PORTER | A pirate’s booty of opaque green, blue and milk-colored gems lay before them.
Students at the Beach Glass Jewelry workshop at Indiana Dunes State Park were ready to turn the colorful glass pieces into works of jewelry art.
Three filled-to-capacity workshops offered newbie jewelry makers the materials, tools and instructions to create one-of-a-kind treasures from the trash.
Nature creates beach glass from glass pieces that have found their way to lake or ocean, workshop leader Amber Ross said. When the glass is tumbled by waves and sand, it acquires a smooth, sometimes polished texture.
Many collect beach glass for its beauty, but Ross hoped participants would enjoy taking it a step further by creating unique pendants, bracelets and rings.
“I just learned a couple of months ago,” said Ross, an IDSP naturalist. “It’s exciting — I love it. I get to interact with the crowd and make it personal.”
Most workshop participants used beach glass Ross provided, but some brought their own.
Jean Jannasch attracted attention with her coffee can full of beach glass she collected from the shorelines of lakes Michigan and Superior.
“We’ve been collecting it for quite a long time,” said Jannasch, of Valparaiso. “That’s why I was excited about this ... to see if I can make something with it.”
Kelly Clark brought her own silver turtle charm to add to the beach glass necklace she was creating for her daughter.
“I saw this on Facebook. ... I thought I’d jump onboard and give it a try,” said Clark, of Chesterton. “If it turns out, it would be nice. If it doesn’t, I’ll keep it for myself.”
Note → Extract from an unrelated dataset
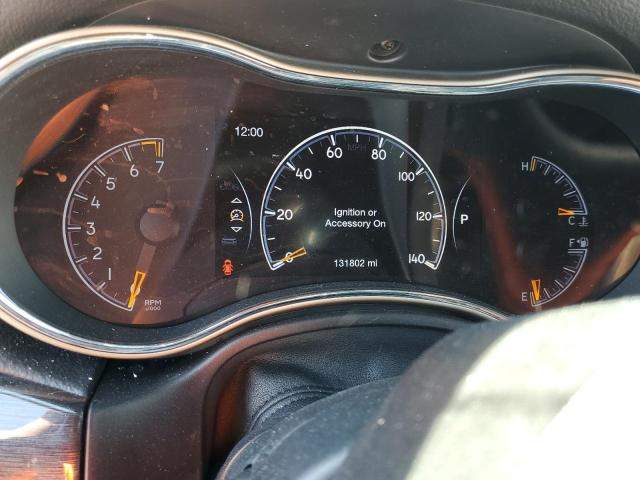 Photo 8 from auction – 2016 JEEP GRAND CHER with VIN 1C4RJEBG4GC423779
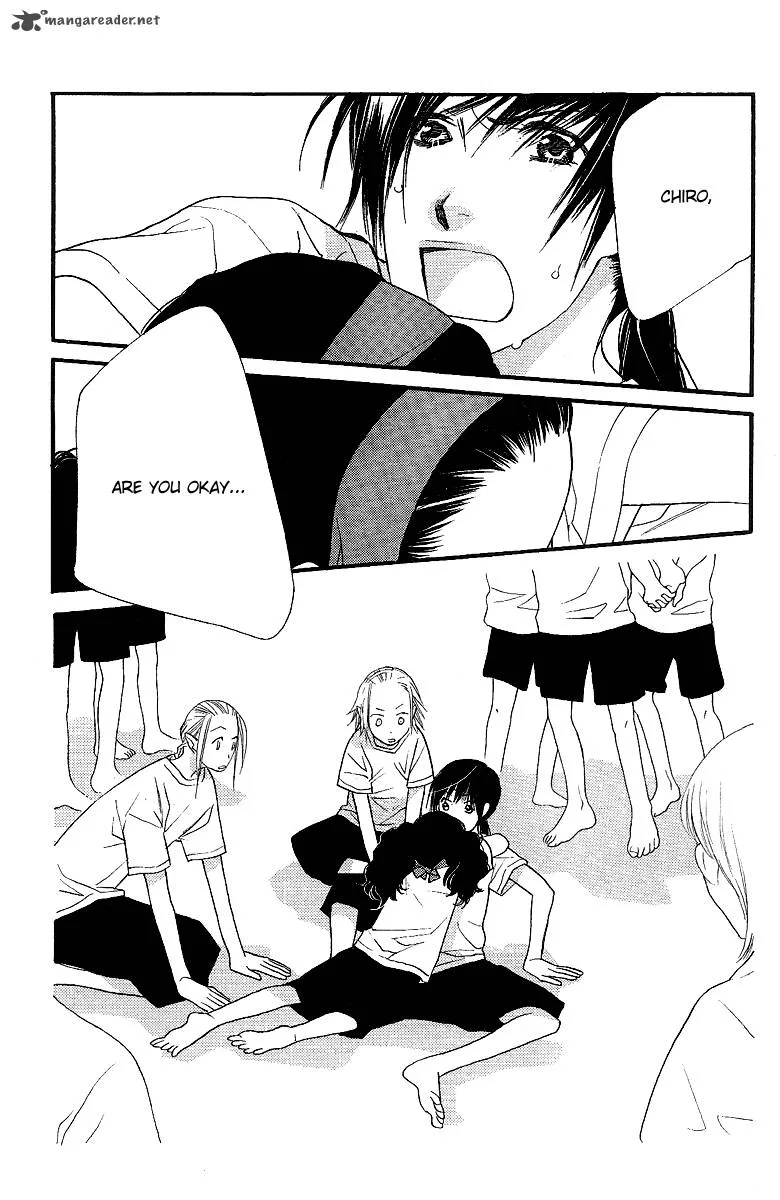 Orange Chocolate Chapter 23 page 38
Donna Knoll, of Michigan City, brought beach glass that she and her husband found in Aruba.
“He asked me, ‘What are you going to do with that?’” Knoll said. “I said, 'I don’t know, but I know it’s popular.'”
Knoll was inspired by beach glass jewelry she saw in a gift shop.
“I thought it can’t be that hard to make,” Knoll said.
Ross was pleased with the positive response toward the class, and speculated many were making Christmas gifts for friends and family members.
“With as good a turnout as we’ve had, we might do it again in the spring, especially around a holiday,” Ross said.